Entries supplied –
+ + + + + + +
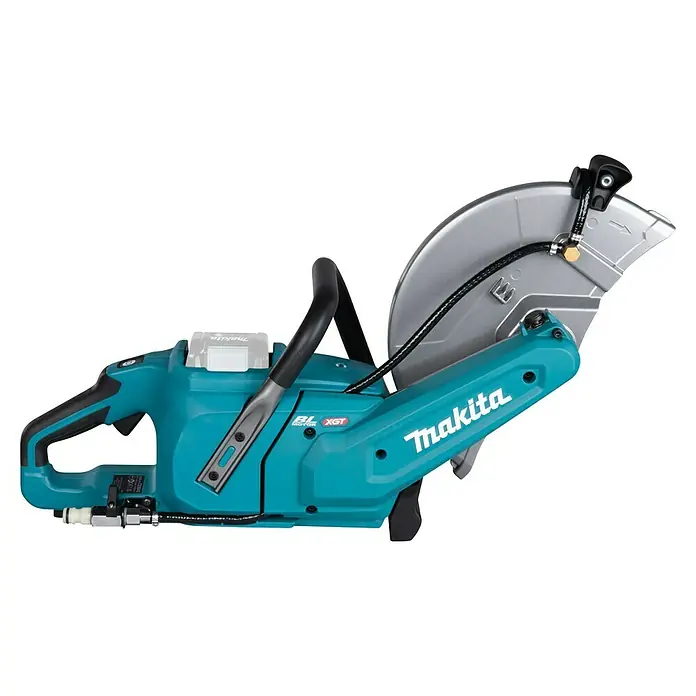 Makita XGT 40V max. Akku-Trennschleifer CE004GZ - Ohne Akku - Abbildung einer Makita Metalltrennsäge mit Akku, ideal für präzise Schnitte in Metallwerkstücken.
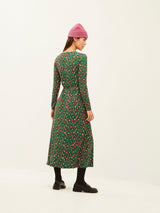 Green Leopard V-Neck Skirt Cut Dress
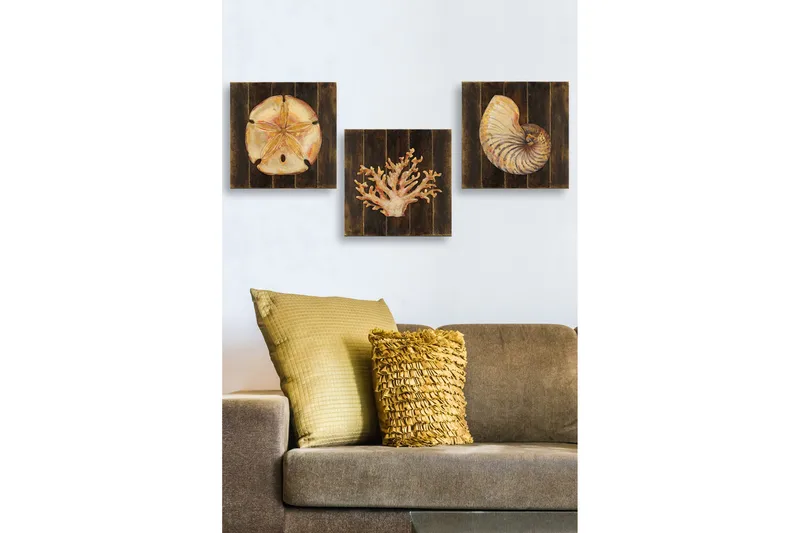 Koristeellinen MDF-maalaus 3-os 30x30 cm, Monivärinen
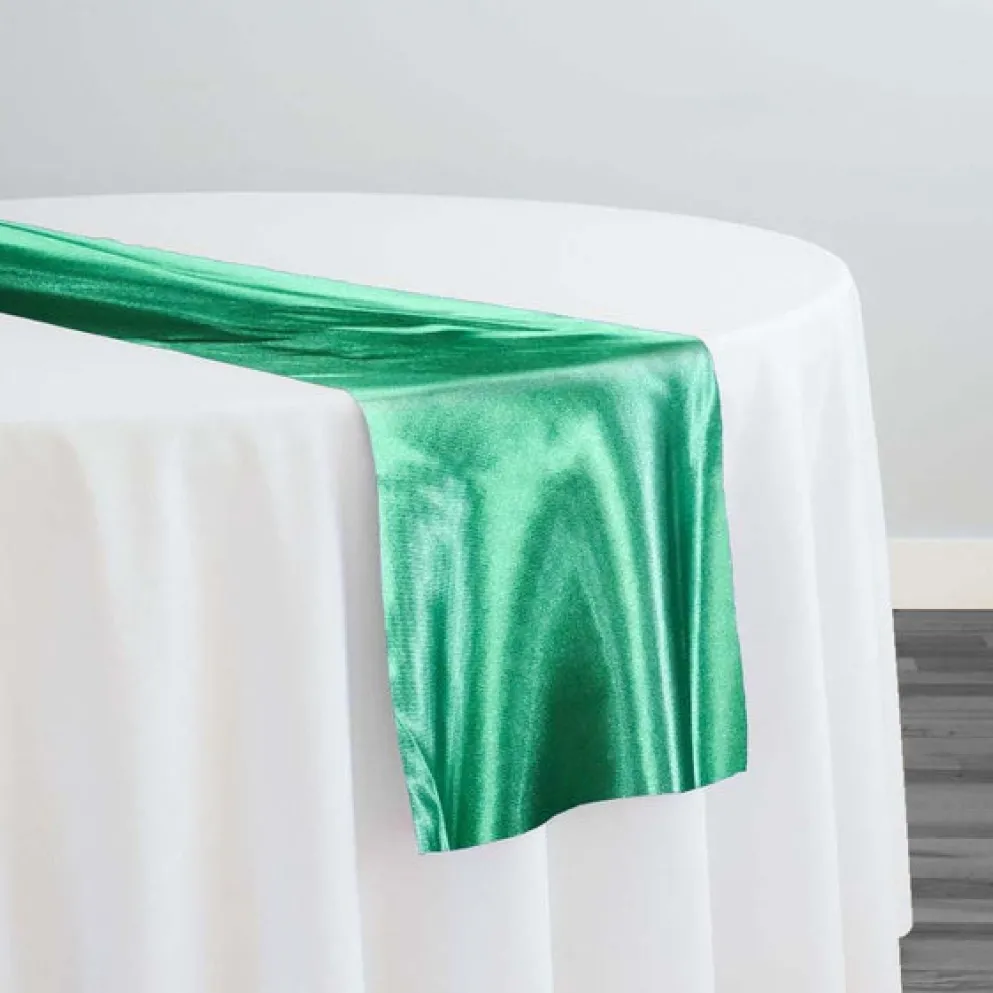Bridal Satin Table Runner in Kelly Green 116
+ + + + + + +
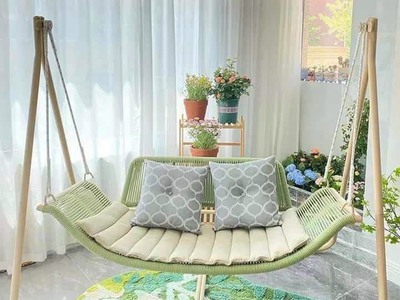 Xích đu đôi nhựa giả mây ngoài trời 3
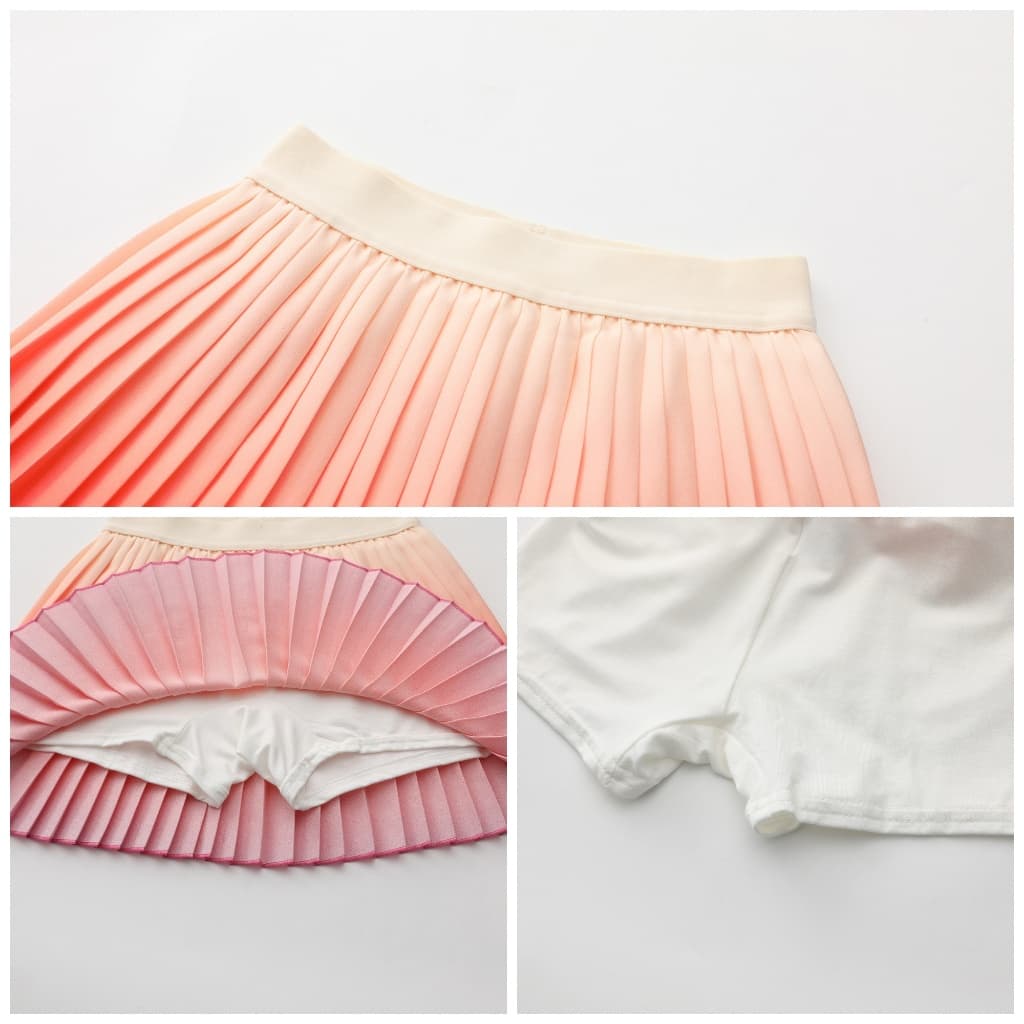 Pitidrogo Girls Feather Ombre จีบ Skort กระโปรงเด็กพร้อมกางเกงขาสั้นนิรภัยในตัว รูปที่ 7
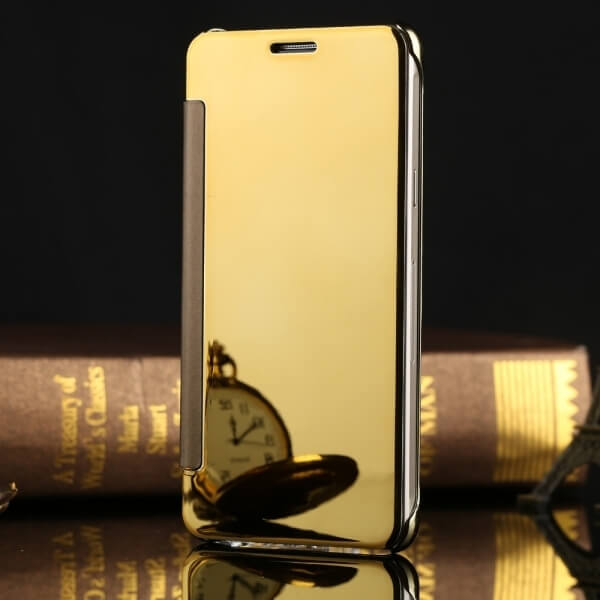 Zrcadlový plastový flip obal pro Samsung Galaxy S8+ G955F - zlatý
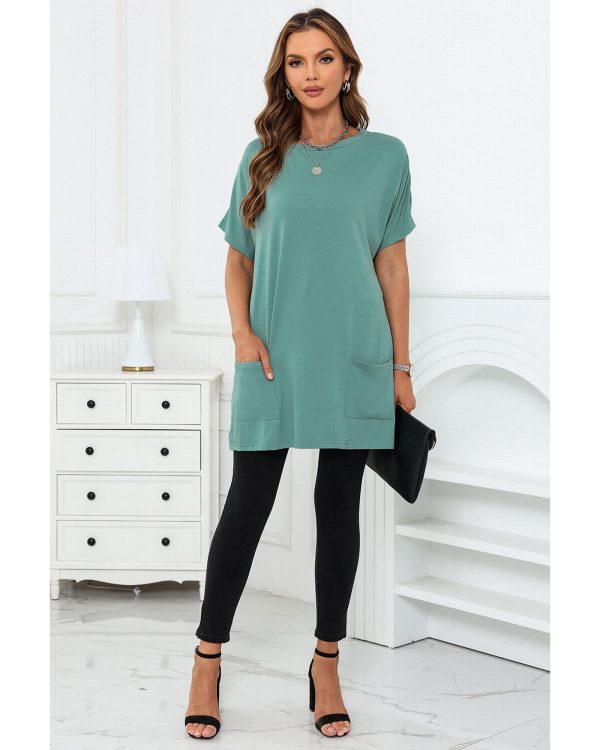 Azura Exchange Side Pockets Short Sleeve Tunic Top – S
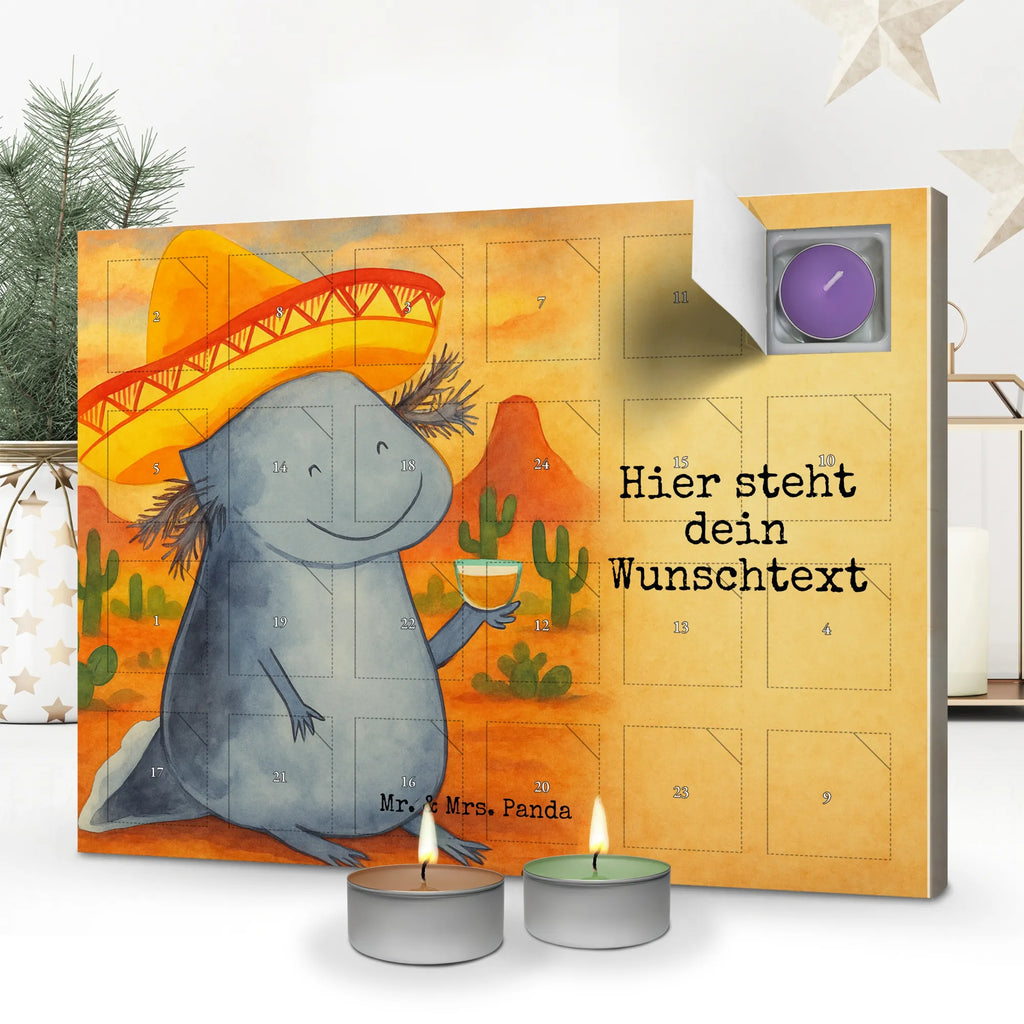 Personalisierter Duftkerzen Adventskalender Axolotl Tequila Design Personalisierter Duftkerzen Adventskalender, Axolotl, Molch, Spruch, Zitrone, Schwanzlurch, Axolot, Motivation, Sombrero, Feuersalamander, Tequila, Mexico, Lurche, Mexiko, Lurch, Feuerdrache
+ + + + + + +
Work request – With the pictures omitted, copy exactly the lines of the listing above starting at the line containing "Makita XGT 40V" and ending at the line containing "Bridal Satin Table Runner in Kelly Green 116", both included.

Written response –
 Makita XGT 40V max. Akku-Trennschleifer CE004GZ - Ohne Akku - Abbildung einer Makita Metalltrennsäge mit Akku, ideal für präzise Schnitte in Metallwerkstücken.
 Green Leopard V-Neck Skirt Cut Dress
 Koristeellinen MDF-maalaus 3-os 30x30 cm, Monivärinen
Bridal Satin Table Runner in Kelly Green 116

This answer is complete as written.